9. Governing Law: These Standard Terms and Conditions of Sale shall be governed and construed in all respects in accordance with the laws of the State of Ohio and each party hereby submits to the non-exclusive jurisdiction of the courts of the State of Ohio. The provisions of the United Nations on contracts for the International Sale of Goods ("CISG") and the Contracts (Rights of Third Parties) Act of 1999 are expressly excluded from this Agreement, if otherwise applicable.
10. Termination: Supplier, in its sole discretion, may evaluate Buyer's financial condition and may cancel any order if in Supplier's judgment the Buyer would be unable to meet its obligation, unless the Buyer shall upon written notice immediately pay for all goods delivered or shall pay in advance for all goods not delivered in accordance with Supplier's discretion.

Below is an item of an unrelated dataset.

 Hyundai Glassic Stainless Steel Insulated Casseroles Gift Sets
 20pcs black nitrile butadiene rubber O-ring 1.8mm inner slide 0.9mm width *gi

11. Severability: The provisions of these Standard Terms and Conditions of Sale are severable. Should any court of competent jurisdiction hold any of these clauses to be unlawful, such holding shall not invalidate all of the clauses, but rather, the unlawful clause shall be severed and the remaining provisions shall be
fully enforceable.
12. Miscellaneous: These Standard Terms and Conditions of Sale is the entire agreement between the parties and supersedes all prior agreements, correspondence and understandings relating to the subject matter hereof. No failure by either party to take any action or assert any right hereunder shall be deemed to be a waiver of such right in the event of the continuation or repetition of the circumstances giving rise to such right. Any amendments to these Standard Terms and Conditions of Sale must be made in writing and signed by a duly authorized officer of the Supplier. The headings herein are for convenience only and shall not affect interpretation.
13. A $50.00 minimum order requirement applies to all shipments. Shipments under $50.00 will be assessed a $25.00 fee.